TOUR DES GÉANTS DANS LES ÉCRINS
LA TRAVERSÉE DES GÉANTS
Au coeur des paysages parmi les plus sauvages des Alpes françaises, partez à la découverte de trois Géants des Écrins : la Barre (4 102 m), la Grande Ruine (3 765 m) et la Meije (3 983 m), via cinq jours de raid à skis. Un voyage glaciaire hors de la civilisation et du temps.
Pourquoi l’Oisans est-il si souvent associé à l’épithète « sauvage » ? Sûrement à cause ou grâce à un fameux topo d’escalade, mais aussi à l’imaginaire collectif, marqué par l’immensité de ces montagnes et par leur absence presque totale de domestication humaine. Venir en Oisans en hiver ou au printemps, c’est faire l’expérience de la montagne brute, taillée à la serpe. Les reliefs sont abrupts et aucun bulldozer de station n’est venu les adoucir. Le ski de rando s’y mérite : les accès se trouvent en fond de vallée, et les randonnées commencent souvent par des portages, pour des dénivelées jamais anodines. Avec le réchauffement certains glaciers sont de plus en plus tourmentés, et s’y mouvoir demande un vrai flair de montagnard. Ici la consommation effrénée n’a pas sa place : on est au pays de la montagne qui éprouve, qui se vit.
Le Tour de la Meije a été adoubé depuis quelques décennies comme un joyau du raid à skis, à l’égal d’un Chamonix-Zermatt. La « Traversée des Géants » proposée ici en reprend une partie, en y ajoutant un périple autour du glacier Blanc, attraction emblématique du parc des Écrins s’il en est. Sur une cinquantaine de kilomètres et plus de 5 000 mètres de dénivelée (jusqu’à 6 600 m selon les variantes), vous voyagez sur le fil de ces cimes, jouant à saute-mouton d’une vallée glaciaire à l’autre.
Cette « Traversée des Géants » est un raid à deux vitesses : il est possible de le faire dans sa version minimaliste, en franchissant les trois cols principaux et en tirant au plus court. Mais si votre forme vous le permet, levez-vous quelques heures avant dans les refuges et donnez-vous la chance d’admirer le panorama depuis un des sommets, qu’il soit celui du dôme des Écrins, du pic de Neige Cordier, de la Meije Orientale ou de la Grande Ruine ; ce dernier ayant été consacré « plus beau panorama des Écrins » par Gaston Rébuffat.

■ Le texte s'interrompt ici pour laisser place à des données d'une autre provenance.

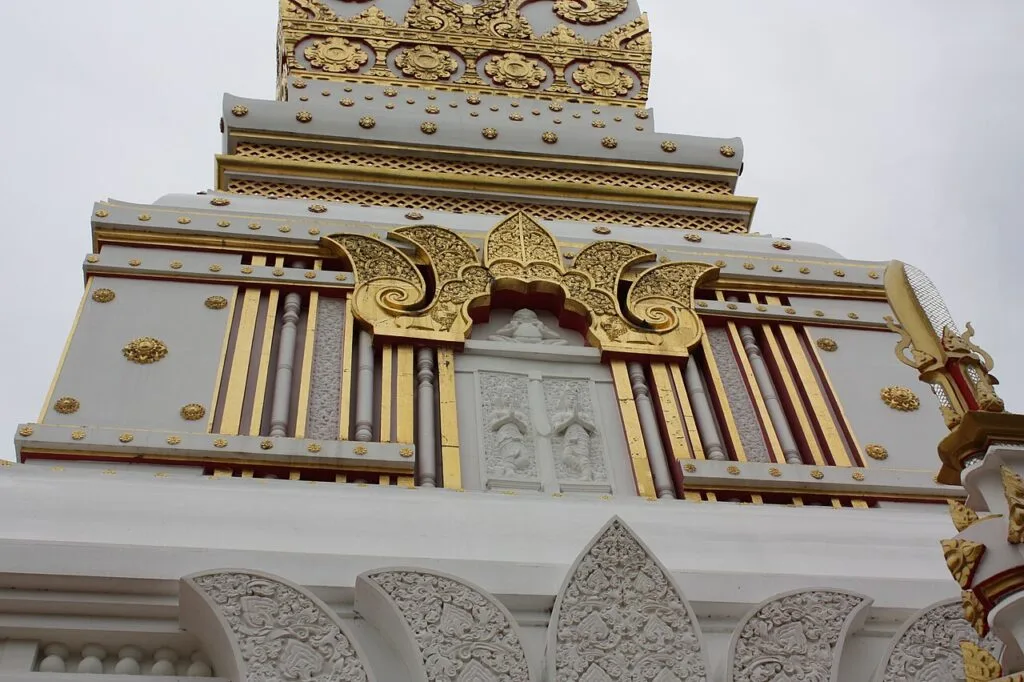 ลวดลายซุ้มทิศตะวันตกของพระธาตุพนม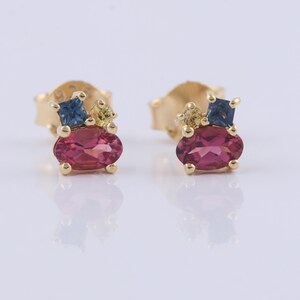 14k Solid Gold Cluster Gemstone Studs Earring, Natural Oval Pink Tourmaline / Blue Sapphire Studs Earring, Helix Earring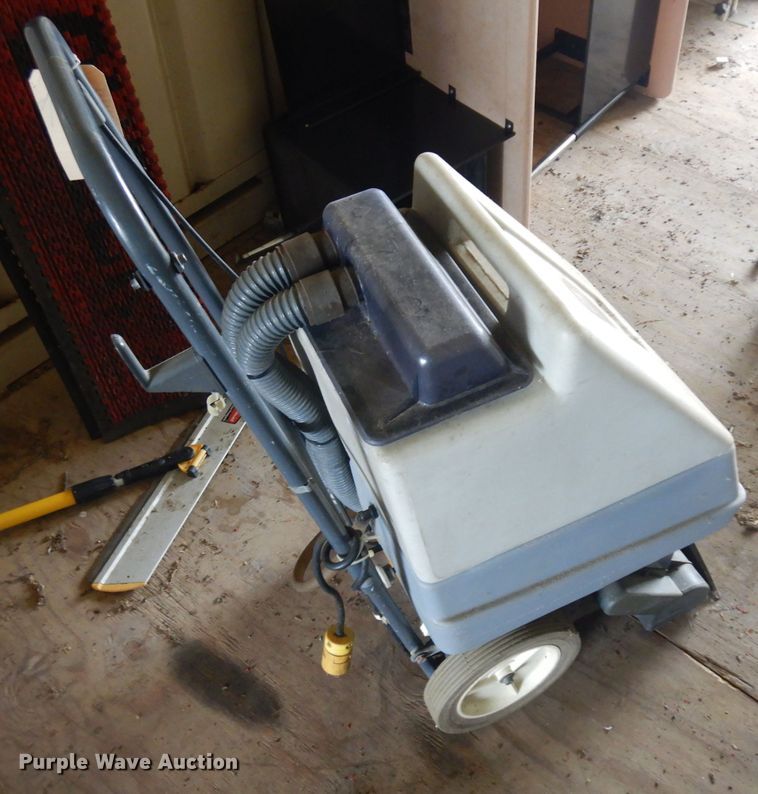 image for item GI9276 (2) Advance floor buffers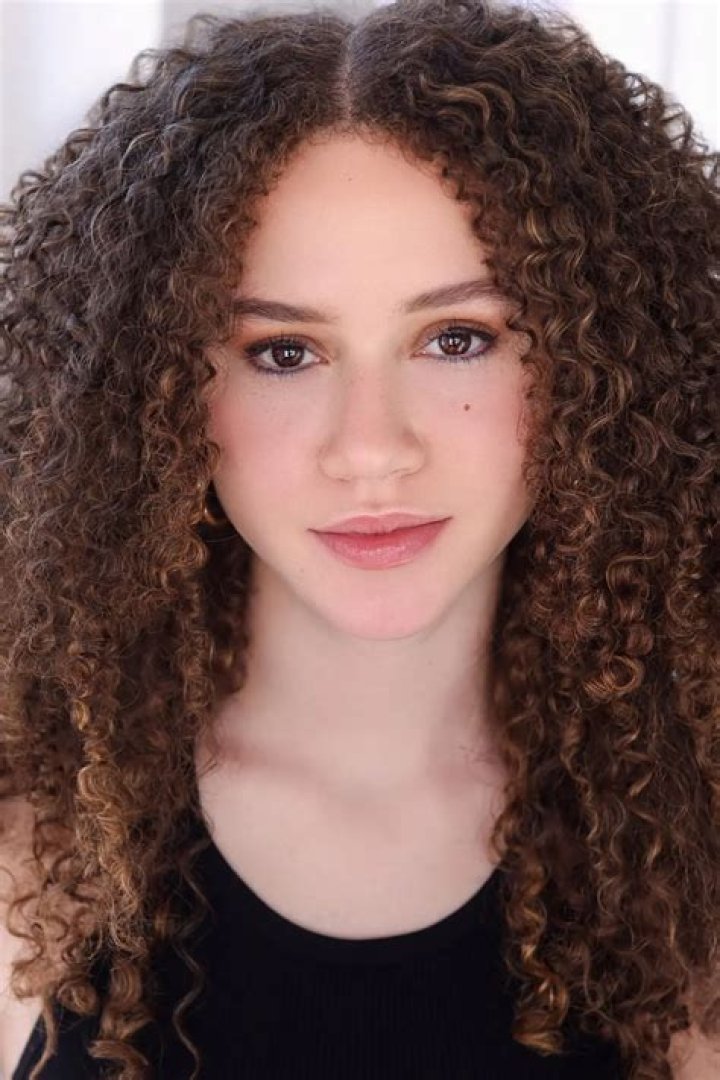 Chloe Coleman photo 3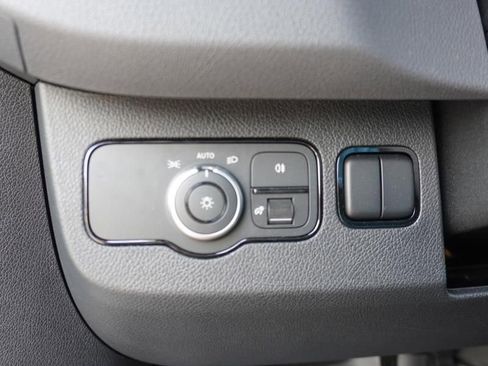 Used 2024 Mercedes-Benz Sprinter 4500 image 20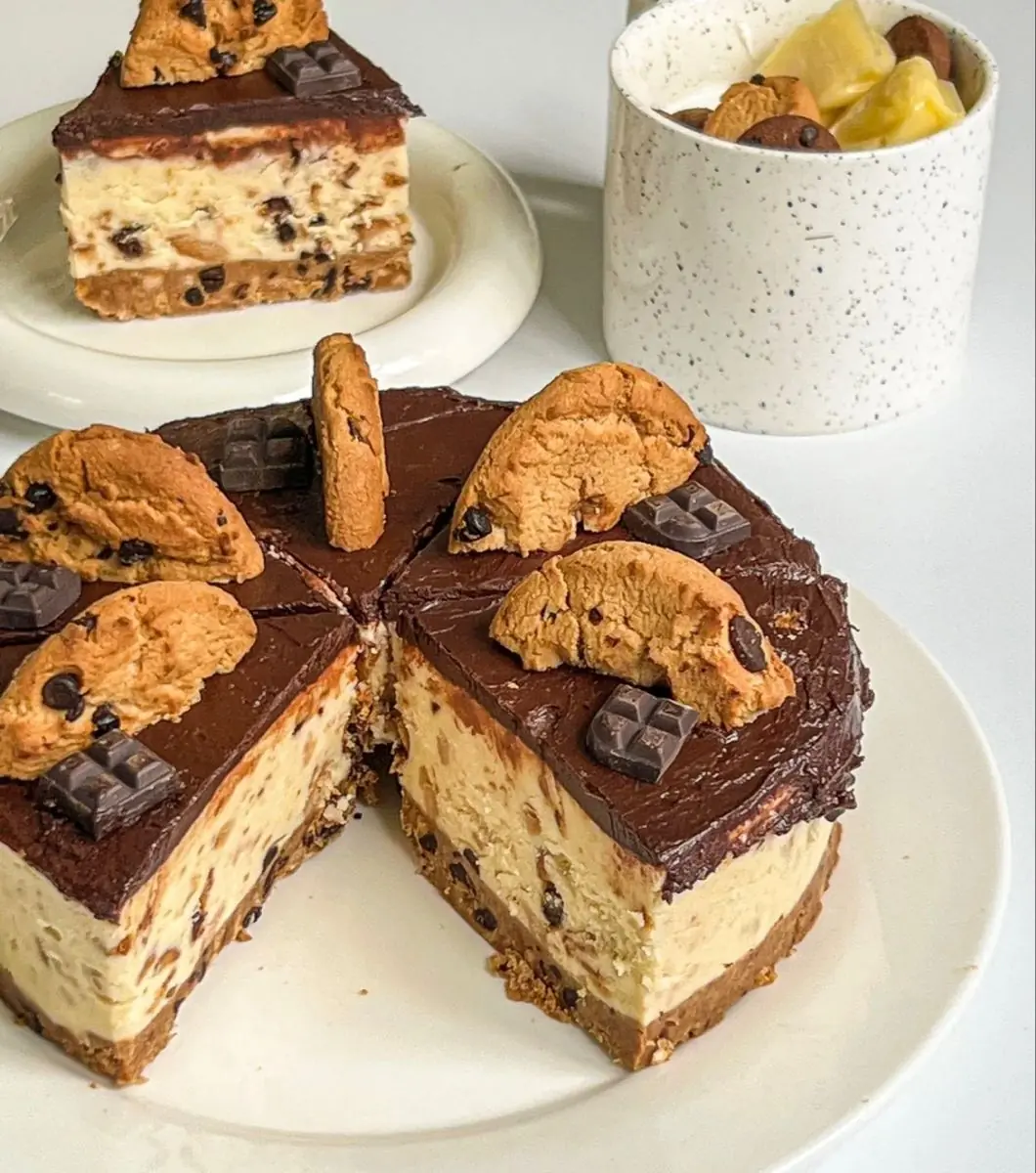 🍪 Chocolate Chip Cookie Cheesecake Recipe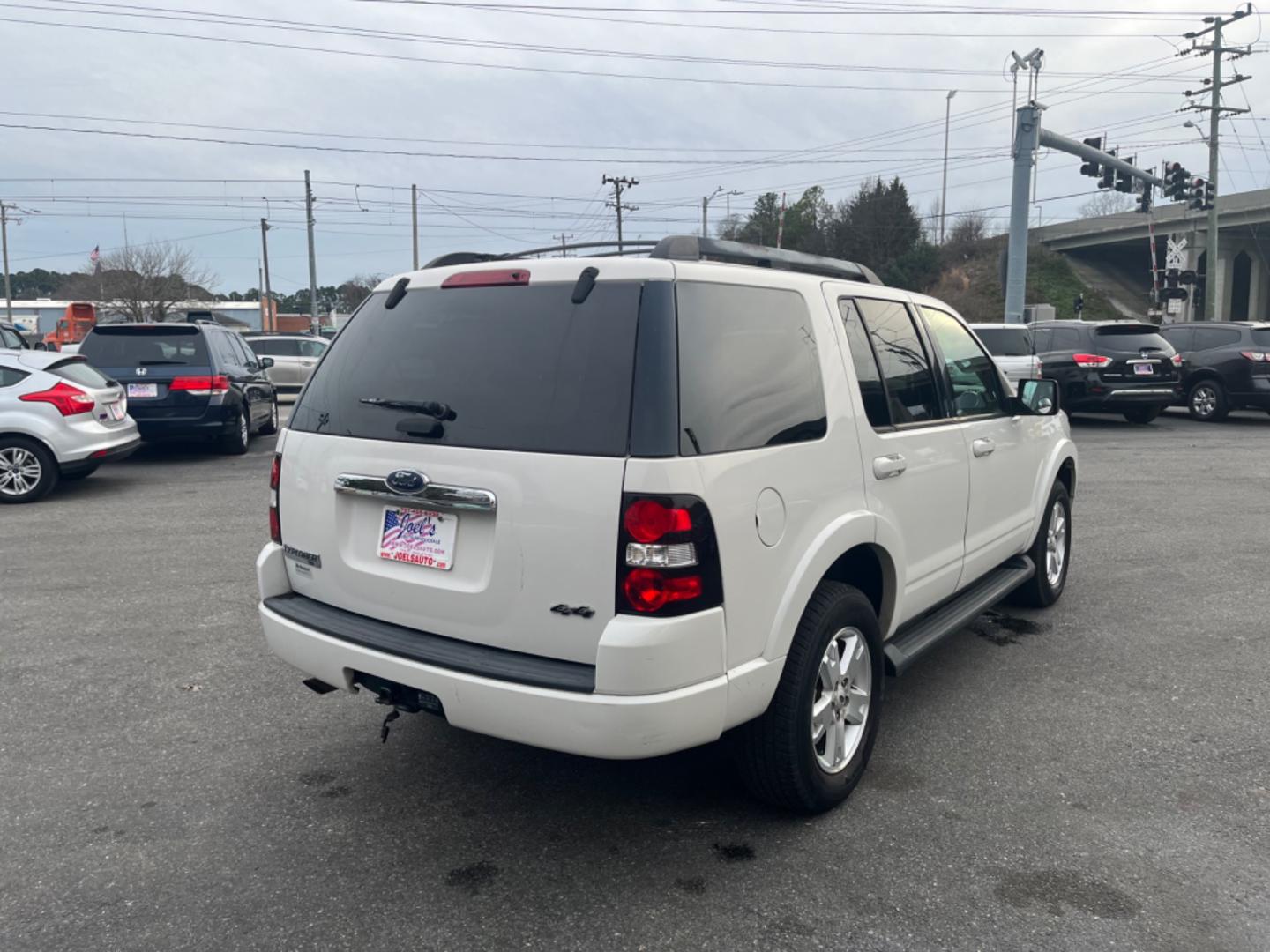 2009 WHITE Ford Explorer (1FMEU73E79U) with an 4.0 V6 engine, Automatic transmission, located at 5700 Curlew Drive, Norfolk, VA, 23502, (757) 455-6330, 36.841885, -76.209412 - Photo#5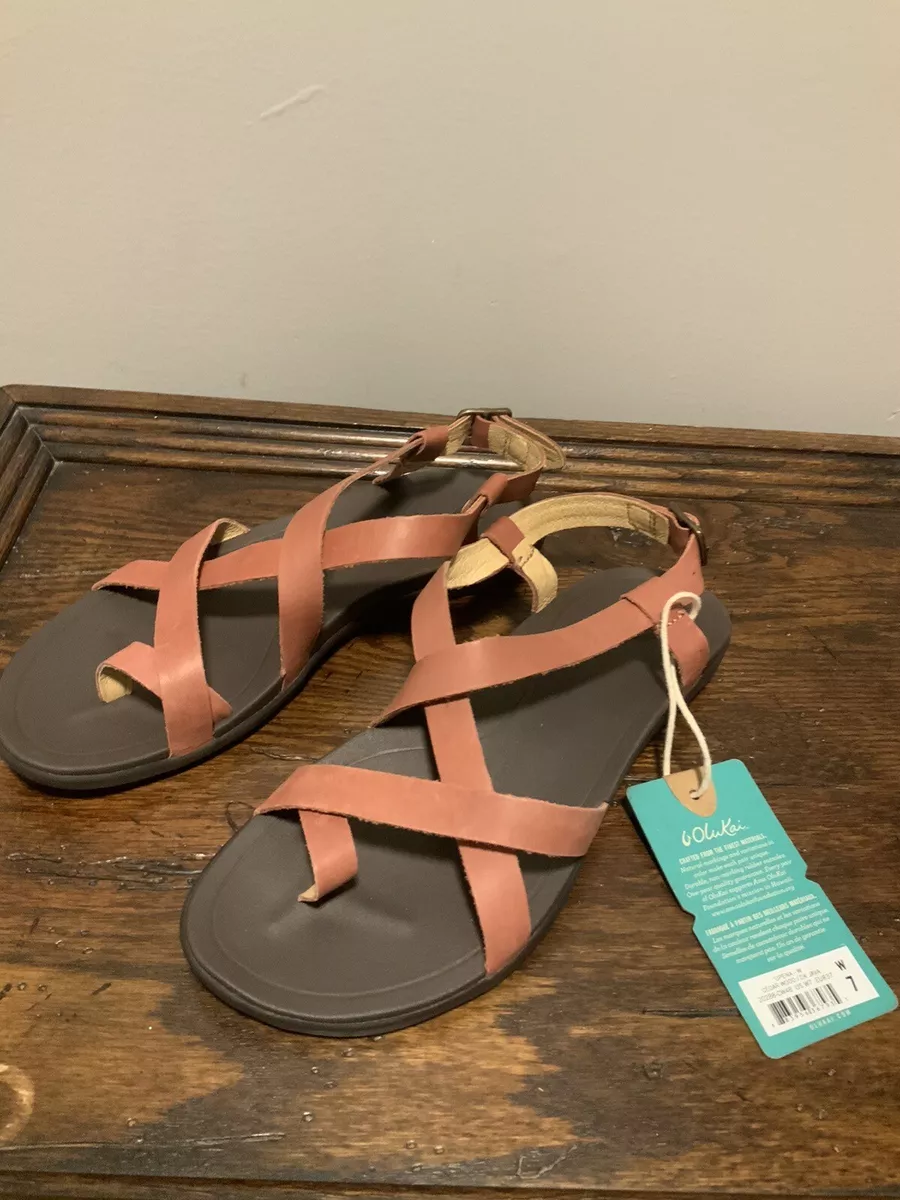 Upena flat outlet sandal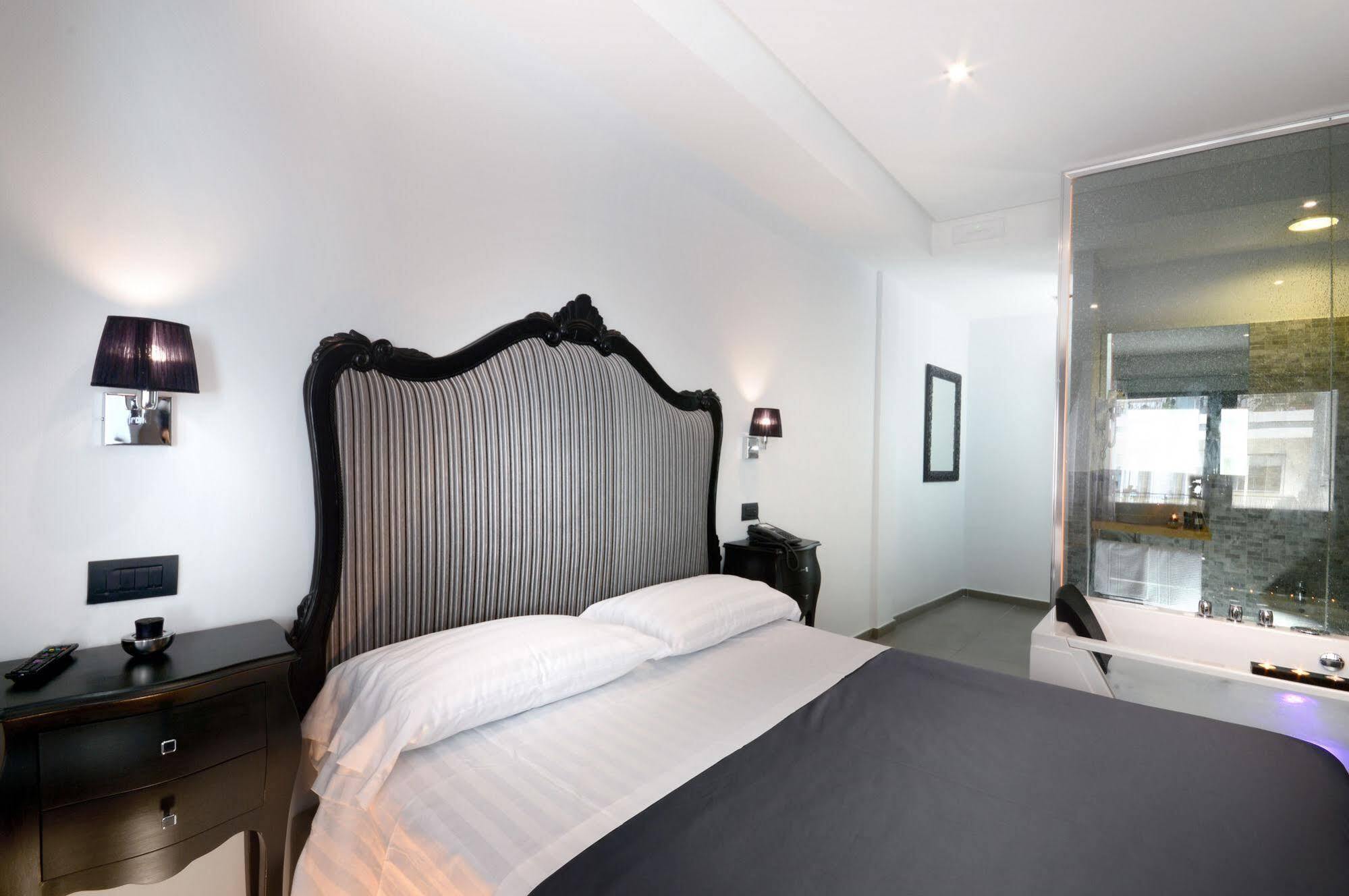 Barbarella Suite Napoli Eksteriør bilde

Mais il ne s’agit pas que d’une traversée alpine : les hédonistes de la glisse ont des chances d’y trouver leur compte. Trois belles descentes peuvent retenir leur attention, elles font chacune nettement plus de 1 000 mètres de dénivelée négative : la descente du col Émile Pic, celle du glacier du Tabuchet et celle de la Casse Déserte. Sur les deux premières, plein nord, peut-être que vous goûterez à la poudre de printemps, pas si rare en ces lieux, tandis que sur la dernière vous aurez tout le loisir de gérer l’horaire pour profiter d’une transfo revenue à point.
Question matériel, il faudra porter un peu lourd, haute montagne oblige. Crampons, piolet et casque sont des indispensables, tout comme le matériel de sécurité sur glacier, avec au moins une corde pour le groupe. Les glaciers à franchir sont nombreux et certains sont de vrais gruyères (gruyère français avec des trous, pas le suisse qui est sans trous). Si vous choisissez d’effectuer la traversée en période nongardée, pensez qu’il n’y a pas forcément de gaz dans les refuges, et qu’il faudra en avoir suffisamment pour pouvoir faire fondre de la neige afin de remplir les gourdes.
Ceux qui veulent rallonger le plaisir – il y en a toujours – peuvent rajouter deux étapes, en rejoignant le Pré de Madame Carle depuis la Bérarde via le col de la Temple (3 321 m) avec une halte au refuge de Temple Écrins (2 410 m), non gardé hors été. La descente sur le glacier Noir, au pied des immenses et austères faces nord de l’Ailefroide, du pic Sans Nom et du Pelvoux, marquera l’esprit du plus blasé des montagnards. Ceux qui ont le coup de crampon affûté préféreront peut-être partir de ce même refuge de Temple Écrins pour traverser le dôme via la Brèche Lory (PD+), pour une vraie course alpine en altitude. On peut également agrandir le tour en passant par le refuge de la Pilatte (2 577 m) et le col du Sélé (3 282 m).
Quoi qu’il en soit les possibilités du massif sont infinies, et charge à chacun de dessiner l’itinérance qu’il désire, en laissant glisser ses doigts sur la carte, et en s’imaginant déjà être imprégné de cet univers de roche et de glace, d’une beauté rude et sans artifice.